## Excerpts from a dataset

###

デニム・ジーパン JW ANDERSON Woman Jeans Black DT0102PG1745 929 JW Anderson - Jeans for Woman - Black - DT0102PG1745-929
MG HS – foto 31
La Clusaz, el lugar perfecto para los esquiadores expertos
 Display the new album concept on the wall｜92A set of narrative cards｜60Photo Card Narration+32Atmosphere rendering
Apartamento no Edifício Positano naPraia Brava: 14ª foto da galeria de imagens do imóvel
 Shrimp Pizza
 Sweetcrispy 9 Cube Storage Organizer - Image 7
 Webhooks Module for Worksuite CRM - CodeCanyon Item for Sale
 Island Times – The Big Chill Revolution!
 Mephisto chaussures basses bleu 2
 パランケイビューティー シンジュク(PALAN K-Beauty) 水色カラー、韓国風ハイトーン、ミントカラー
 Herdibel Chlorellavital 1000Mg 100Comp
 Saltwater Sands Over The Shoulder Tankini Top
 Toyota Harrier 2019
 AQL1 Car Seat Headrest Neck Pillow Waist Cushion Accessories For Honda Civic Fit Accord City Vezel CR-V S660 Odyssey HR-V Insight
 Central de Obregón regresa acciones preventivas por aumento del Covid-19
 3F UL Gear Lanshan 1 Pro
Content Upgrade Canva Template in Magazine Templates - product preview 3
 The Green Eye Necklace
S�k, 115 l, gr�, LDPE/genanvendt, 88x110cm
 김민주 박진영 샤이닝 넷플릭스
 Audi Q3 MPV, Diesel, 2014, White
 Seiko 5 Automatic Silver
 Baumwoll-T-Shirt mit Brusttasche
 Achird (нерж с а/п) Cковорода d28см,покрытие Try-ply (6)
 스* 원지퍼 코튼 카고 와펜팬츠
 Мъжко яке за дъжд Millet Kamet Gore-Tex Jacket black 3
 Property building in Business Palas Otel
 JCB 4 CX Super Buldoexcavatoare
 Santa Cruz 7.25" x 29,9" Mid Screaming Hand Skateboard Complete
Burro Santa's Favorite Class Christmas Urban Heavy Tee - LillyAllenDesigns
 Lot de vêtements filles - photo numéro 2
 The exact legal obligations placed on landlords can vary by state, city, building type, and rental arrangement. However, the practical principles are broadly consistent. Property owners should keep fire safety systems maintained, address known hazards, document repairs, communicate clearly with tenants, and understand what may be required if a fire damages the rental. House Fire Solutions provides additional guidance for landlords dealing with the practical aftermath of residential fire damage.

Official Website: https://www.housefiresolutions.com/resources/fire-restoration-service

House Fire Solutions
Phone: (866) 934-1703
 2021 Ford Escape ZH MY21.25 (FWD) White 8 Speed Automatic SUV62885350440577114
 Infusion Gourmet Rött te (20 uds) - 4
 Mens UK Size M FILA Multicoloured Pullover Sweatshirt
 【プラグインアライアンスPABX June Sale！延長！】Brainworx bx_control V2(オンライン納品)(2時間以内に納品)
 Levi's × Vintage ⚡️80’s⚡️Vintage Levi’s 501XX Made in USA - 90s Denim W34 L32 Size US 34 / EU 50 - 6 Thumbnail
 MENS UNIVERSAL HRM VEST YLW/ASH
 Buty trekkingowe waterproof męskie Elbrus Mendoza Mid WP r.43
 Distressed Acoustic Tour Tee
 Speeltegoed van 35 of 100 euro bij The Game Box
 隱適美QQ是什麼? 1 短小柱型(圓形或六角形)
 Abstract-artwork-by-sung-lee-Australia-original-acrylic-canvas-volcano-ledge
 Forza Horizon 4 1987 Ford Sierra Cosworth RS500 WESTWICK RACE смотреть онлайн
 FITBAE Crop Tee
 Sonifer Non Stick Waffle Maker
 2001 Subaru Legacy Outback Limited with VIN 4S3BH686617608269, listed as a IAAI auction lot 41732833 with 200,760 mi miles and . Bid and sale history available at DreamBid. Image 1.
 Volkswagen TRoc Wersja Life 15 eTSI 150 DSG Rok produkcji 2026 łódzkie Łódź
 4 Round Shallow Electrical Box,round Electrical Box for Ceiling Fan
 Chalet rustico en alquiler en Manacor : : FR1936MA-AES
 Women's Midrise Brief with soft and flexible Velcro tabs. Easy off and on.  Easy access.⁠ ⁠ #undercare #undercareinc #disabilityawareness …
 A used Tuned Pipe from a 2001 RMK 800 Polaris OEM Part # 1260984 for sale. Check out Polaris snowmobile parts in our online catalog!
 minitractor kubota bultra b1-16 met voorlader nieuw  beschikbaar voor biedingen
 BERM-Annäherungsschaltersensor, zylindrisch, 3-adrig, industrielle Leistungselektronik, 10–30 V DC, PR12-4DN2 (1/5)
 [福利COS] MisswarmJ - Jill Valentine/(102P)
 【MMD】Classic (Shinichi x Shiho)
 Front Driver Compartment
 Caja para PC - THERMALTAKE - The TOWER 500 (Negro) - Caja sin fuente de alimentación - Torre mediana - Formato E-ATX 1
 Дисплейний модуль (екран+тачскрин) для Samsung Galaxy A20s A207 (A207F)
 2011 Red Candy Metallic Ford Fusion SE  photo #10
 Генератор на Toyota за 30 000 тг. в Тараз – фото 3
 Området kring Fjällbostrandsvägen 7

###

## What this task involves
Without altering anything, print all of the data again.

## Written answer
デニム・ジーパン JW ANDERSON Woman Jeans Black DT0102PG1745 929 JW Anderson - Jeans for Woman - Black - DT0102PG1745-929
MG HS – foto 31
La Clusaz, el lugar perfecto para los esquiadores expertos
 Display the new album concept on the wall｜92A set of narrative cards｜60Photo Card Narration+32Atmosphere rendering
Apartamento no Edifício Positano naPraia Brava: 14ª foto da galeria de imagens do imóvel
 Shrimp Pizza
 Sweetcrispy 9 Cube Storage Organizer - Image 7
 Webhooks Module for Worksuite CRM - CodeCanyon Item for Sale
 Island Times – The Big Chill Revolution!
 Mephisto chaussures basses bleu 2
 パランケイビューティー シンジュク(PALAN K-Beauty) 水色カラー、韓国風ハイトーン、ミントカラー
 Herdibel Chlorellavital 1000Mg 100Comp
 Saltwater Sands Over The Shoulder Tankini Top
 Toyota Harrier 2019
 AQL1 Car Seat Headrest Neck Pillow Waist Cushion Accessories For Honda Civic Fit Accord City Vezel CR-V S660 Odyssey HR-V Insight
 Central de Obregón regresa acciones preventivas por aumento del Covid-19
 3F UL Gear Lanshan 1 Pro
Content Upgrade Canva Template in Magazine Templates - product preview 3
 The Green Eye Necklace
S�k, 115 l, gr�, LDPE/genanvendt, 88x110cm
 김민주 박진영 샤이닝 넷플릭스
 Audi Q3 MPV, Diesel, 2014, White
 Seiko 5 Automatic Silver
 Baumwoll-T-Shirt mit Brusttasche
 Achird (нерж с а/п) Cковорода d28см,покрытие Try-ply (6)
 스* 원지퍼 코튼 카고 와펜팬츠
 Мъжко яке за дъжд Millet Kamet Gore-Tex Jacket black 3
 Property building in Business Palas Otel
 JCB 4 CX Super Buldoexcavatoare
 Santa Cruz 7.25" x 29,9" Mid Screaming Hand Skateboard Complete
Burro Santa's Favorite Class Christmas Urban Heavy Tee - LillyAllenDesigns
 Lot de vêtements filles - photo numéro 2
 The exact legal obligations placed on landlords can vary by state, city, building type, and rental arrangement. However, the practical principles are broadly consistent. Property owners should keep fire safety systems maintained, address known hazards, document repairs, communicate clearly with tenants, and understand what may be required if a fire damages the rental. House Fire Solutions provides additional guidance for landlords dealing with the practical aftermath of residential fire damage.

Official Website: https://www.housefiresolutions.com/resources/fire-restoration-service

House Fire Solutions
Phone: (866) 934-1703
 2021 Ford Escape ZH MY21.25 (FWD) White 8 Speed Automatic SUV62885350440577114
 Infusion Gourmet Rött te (20 uds) - 4
 Mens UK Size M FILA Multicoloured Pullover Sweatshirt
 【プラグインアライアンスPABX June Sale！延長！】Brainworx bx_control V2(オンライン納品)(2時間以内に納品)
 Levi's × Vintage ⚡️80’s⚡️Vintage Levi’s 501XX Made in USA - 90s Denim W34 L32 Size US 34 / EU 50 - 6 Thumbnail
 MENS UNIVERSAL HRM VEST YLW/ASH
 Buty trekkingowe waterproof męskie Elbrus Mendoza Mid WP r.43
 Distressed Acoustic Tour Tee
 Speeltegoed van 35 of 100 euro bij The Game Box
 隱適美QQ是什麼? 1 短小柱型(圓形或六角形)
 Abstract-artwork-by-sung-lee-Australia-original-acrylic-canvas-volcano-ledge
 Forza Horizon 4 1987 Ford Sierra Cosworth RS500 WESTWICK RACE смотреть онлайн
 FITBAE Crop Tee
 Sonifer Non Stick Waffle Maker
 2001 Subaru Legacy Outback Limited with VIN 4S3BH686617608269, listed as a IAAI auction lot 41732833 with 200,760 mi miles and . Bid and sale history available at DreamBid. Image 1.
 Volkswagen TRoc Wersja Life 15 eTSI 150 DSG Rok produkcji 2026 łódzkie Łódź
 4 Round Shallow Electrical Box,round Electrical Box for Ceiling Fan
 Chalet rustico en alquiler en Manacor : : FR1936MA-AES
 Women's Midrise Brief with soft and flexible Velcro tabs. Easy off and on.  Easy access.⁠ ⁠ #undercare #undercareinc #disabilityawareness …
 A used Tuned Pipe from a 2001 RMK 800 Polaris OEM Part # 1260984 for sale. Check out Polaris snowmobile parts in our online catalog!
 minitractor kubota bultra b1-16 met voorlader nieuw  beschikbaar voor biedingen
 BERM-Annäherungsschaltersensor, zylindrisch, 3-adrig, industrielle Leistungselektronik, 10–30 V DC, PR12-4DN2 (1/5)
 [福利COS] MisswarmJ - Jill Valentine/(102P)
 【MMD】Classic (Shinichi x Shiho)
 Front Driver Compartment
 Caja para PC - THERMALTAKE - The TOWER 500 (Negro) - Caja sin fuente de alimentación - Torre mediana - Formato E-ATX 1
 Дисплейний модуль (екран+тачскрин) для Samsung Galaxy A20s A207 (A207F)
 2011 Red Candy Metallic Ford Fusion SE  photo #10
 Генератор на Toyota за 30 000 тг. в Тараз – фото 3
 Området kring Fjällbostrandsvägen 7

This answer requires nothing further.